Diabetic Retinopathy Algorithmic Audit

Riya Shet

A safety audit of the diabetic retinopathy classifier from my retinal project. Using the Medical Algorithmic Audit framework, I look past the headline kappa to find where the model fails, how badly, and what that would mean for a patient.

Responsible AI · Model risk management · Medical Algorithmic Audit · Subgroup testing · FMEA

Grad-CAM heat maps on misclassified retinal images, showing where the model's attention falls when it grades incorrectly

Past the headline number

The model scores a quadratic weighted kappa of 0.88, which reads as strong agreement with expert graders. That number hides the failures that matter. Broken down by severity, sensitivity falls from 95% on healthy retinas to 48.6% on proliferative disease, the grade that needs emergency referral. The audit follows the Medical Algorithmic Audit framework, working through error analysis, subgroup testing, adversarial robustness, and a structured risk score.

Where it fails, by grade

Performance is strong on no-disease and mild cases and weak on the rare, urgent grades. The model also undergrades more than it overgrades. About 56% of its errors call a case less severe than it is, which in a screening programme means a delayed referral rather than a false alarm.
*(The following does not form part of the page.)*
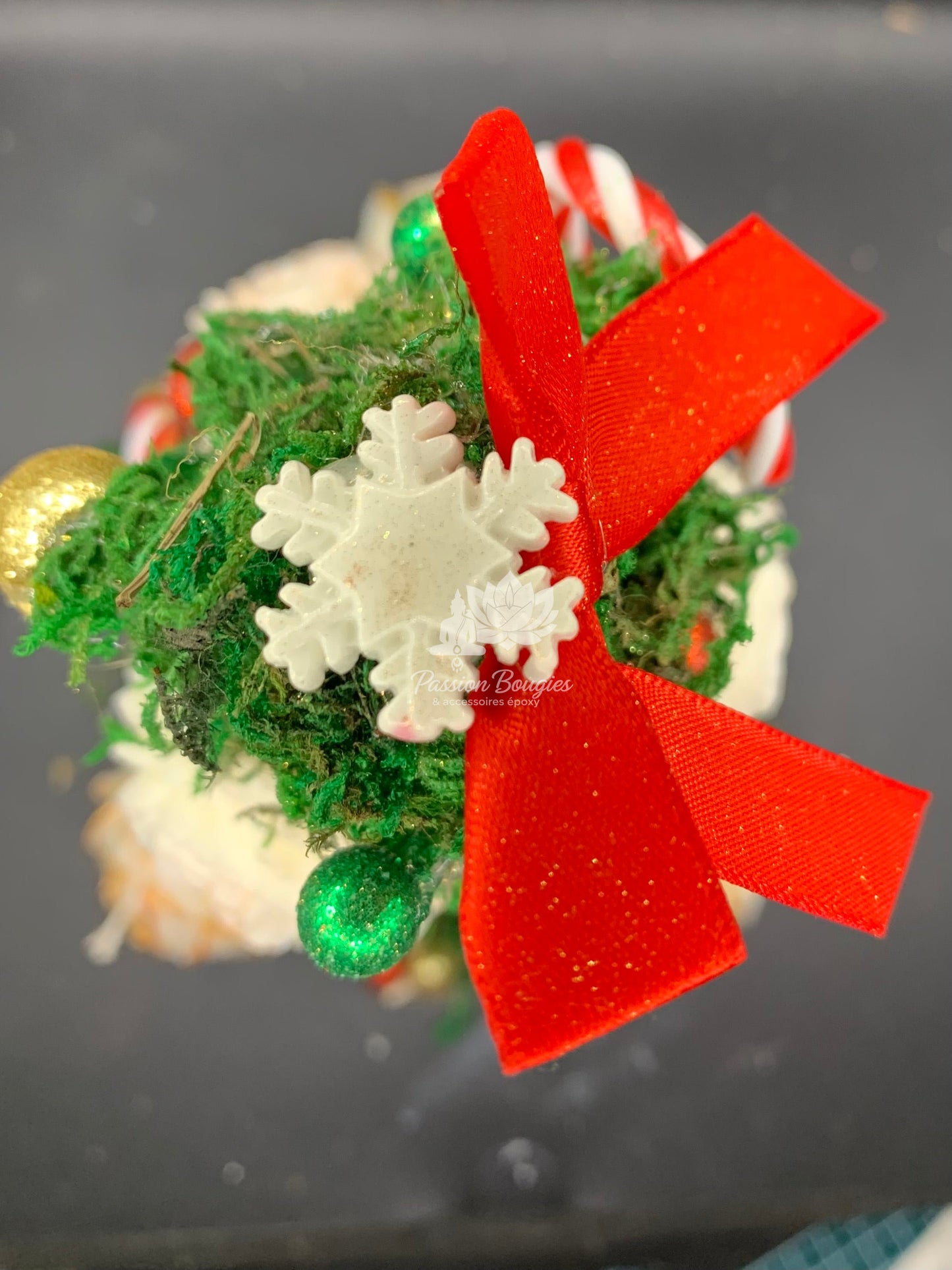 Centre de table sapin de Noël avec bougies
Sensitivity by severity grade, dropping from about 95 percent for No DR to 49 percent for Proliferative

Figure 1. Sensitivity by severity grade. It drops from 95% on no-disease to 49% on proliferative disease, the grade that most needs to be caught.
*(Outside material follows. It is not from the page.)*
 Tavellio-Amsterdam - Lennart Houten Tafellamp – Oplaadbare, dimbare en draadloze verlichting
Breakdown of misclassifications by direction and severity distance, showing a majority of undergrading errors

Figure 2. Errors by direction and distance. Most mistakes undergrade by one step, the direction that delays care.

How it breaks under poor images

I simulated the image-quality problems a real clinic sees. Gaussian blur drops kappa from 0.87 to 0.69, and heavy JPEG compression drops it to 0.65. Both are realistic for camera defocus, patient movement, or images compressed for telemedicine. Moderate compression is tolerated well.
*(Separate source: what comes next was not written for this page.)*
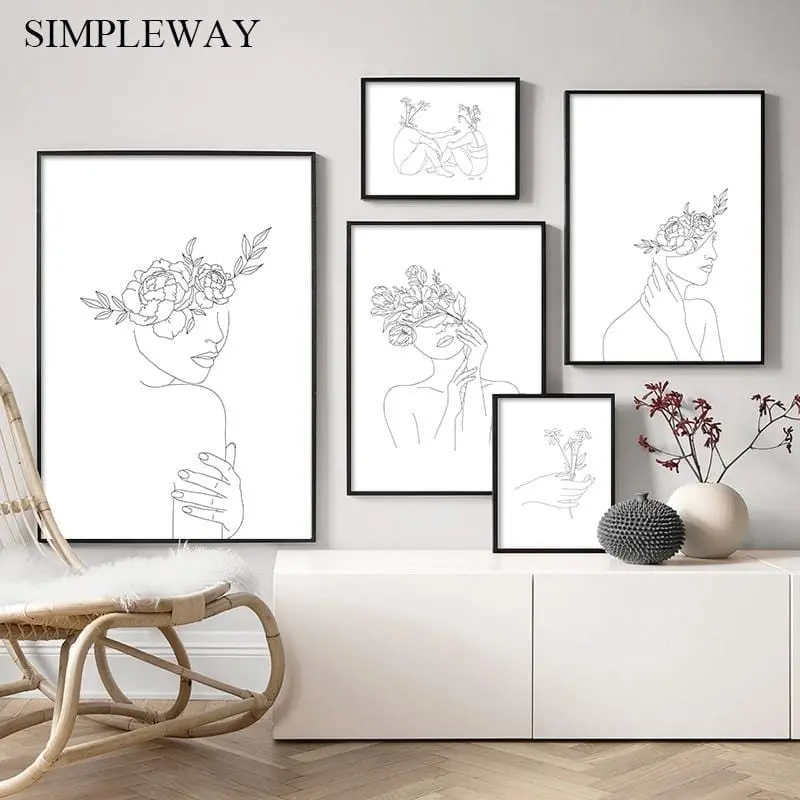 Simplicity Line Drawing Poster And Print Black White Abstract Flower Woman Artwork Canvas Painting Wall Art Picture Home Decor 1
Kappa degradation curves under brightness, contrast, blur, and JPEG compression perturbations

Figure 3. Kappa under four image perturbations. Blur and heavy compression cause the largest drops.

Risk and recommendations

Scoring each failure mode by severity and frequency puts undergraded proliferative disease at the top of the risk list. The audit recommends concrete guardrails: route every severe or proliferative prediction to a human, send low-confidence cases (below 0.6) for review, add an image-quality gate before inference, and validate externally on data that actually records age, sex, and ethnicity, which this dataset does not. Auditing the model taught me more about it than training it did. The full audit, the risk table, and the dataset documentation are in the repository.